Entre chien et loup, entre Gaston et Gérard, je vadrouille entre
les êtres, je marche, marche, marche...
Que faire d'autre ? Les solitudes ne se rencontrent pas.
J'avale quatre romans en deux jours. Les mots sont autant de
bouées qui m'aident à rester à la surface, même si parfois, ils se vident de
leur contenu. Et je répète dans ma tête le mot mur jusqu'à ce qu’il ne
signifie plus rien, seulement trois petits sons que j'articule dans ma bouche.
Je circule entre les êtres, je me frotte à eux mais je ne perçois
plus leur empreinte sur mon corps, ni leur trace sur mon âme.
Je me suis institutionnalisée. Je me fige. Je deviens un moi
sclérosé rempli de certitudes et de résignation, d'accoutumance et de rituels.
Vingt minutes. Depuis vingt minutes, l’air entre et sort par mes
narines.
Assise devant l’ordinateur, je pianote des notes de service sans
intérêt. Je regarde la collègue à mes côtés puis je regarde la photocopieuse et
je me sens plus d'affinités, plus d'accointances avec la photocopieuse.....elle
répète, je répète....quand elle fait un bourrage de papier, elle a une petite
alarme qui sonne avec un voyant orange qui clignote.
Tititititi…
Ma petite lumière s'agite depuis longtemps déjà, mais pas de
technicien en vue.
Je m'isole, je ne suis plus perméable comme auparavant.
Les déceptions se sont accumulées comme autant de furoncles sur le
visage d'un acnéique. Chaque jour une nouvelle rougeur apparaît, petites
meurtrissures.
Alors je ne passe plus devant le miroir. Je me lave les dents le
regard fixé sur les piles de linge dans l'armoire.
La nuit, j'épouse l'oreiller, entortille les doigts dans la queue
du chat, explore les draps froids avec le bout du pied…
Il y a encore un bout de chemin à parcourir...tout peut survenir.... tout peut arriver, ce n'est pas fini....pas fini, loin d’être fini, c'est juste une pause, pause à laquelle je ne suis pas habituée. Je suis une personne de caractère type A ...donc il faut que ça fuse mais la vie dit non.....comme si elle voulait me donner une leçon.
Enfin, j’apprends ma leçon par cœur chaque soir. J’égrène les
lieux communs comme les perles d’un chapelet.
Et puis je dévore les livres. Je me saoule de mots. J’écoute leur
voix qui remplit tous les recoins de ma tête.
Je cherche la réponse dans chaque roman. Et j’en découvre une
autre.
Je me sens rassurée quand j’entre dans la bibliothèque.

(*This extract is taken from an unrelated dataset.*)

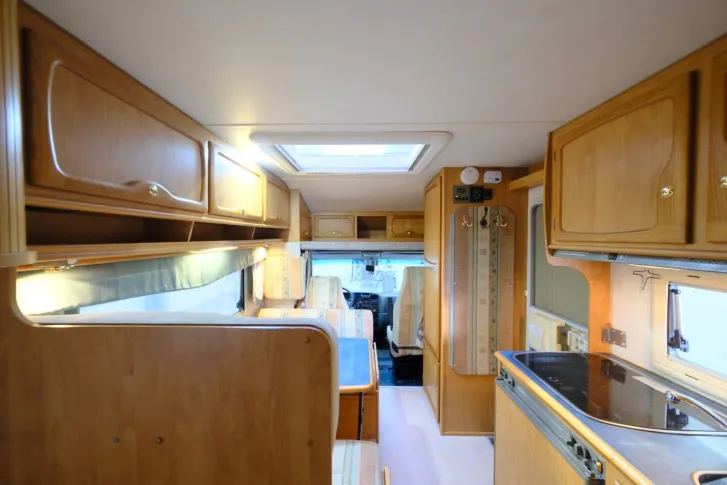 Fahrzeugbild Eura Mobil Contura 612 SB/Festbett/Markise/dop.Boden/AHK #9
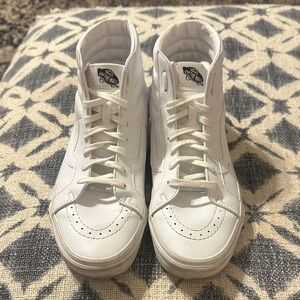 Vans White High-Top Sk8-Hi Shoe size 9.5 men 11 women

Je regarde
les étagères bourrées à craquer et je soupire… des rencontres sont encore
possibles.
Chaque couverture contient un monde qui contient mon salut.
Je termine un roman pour en ouvrir un autre.
Mais c’est un dialogue de sourds qui se profile. Je les entends,
ils ne m’entendent pas. Rien à faire: ils n’ont pas mis leur sonotone. Pour
qu’ils reçoivent à leur tour ma parole, je démissionne de mon rôle de fonctionnaire
aguerrie et je brouillonne cette page sur ma messagerie en regardant la photocopieuse.
Je m’auto-envoie le message. Encore un cri à la Munch.
La collègue à un mètre ne bronche pas.
Je ne lisais rien lorsque j’étais enfant. Pas une ligne. Si...le dictionnaire
qui me servait aussi de rehausseur pour m’installer à table.
Et puis un jour, un roman m’est arrivé entre les mains L’écume
des jours. Avec un crayon à papier, j’ai commencé à souligner les phrases
que j’aimais. Quand j’ai refermé le livre, toutes les lignes ou presque étaient
marquées. J’avais 13 ans. Le grand début de ma boulimie. Aucune idée des
proportions que cela allait prendre.
Je tambourine sur le clavier à côté de ma jumelle la photocopieuse.
La collègue ne scille pas devant son
écran. A peine un bonjour, à peine un au revoir. Je n’en dis pas davantage
d’ailleurs.
Alors je retourne à mon Kafka voir si lui me parle de sa taciturnerie.
Alors je retourne à mon Kafka voir si lui me parle de sa taciturnerie.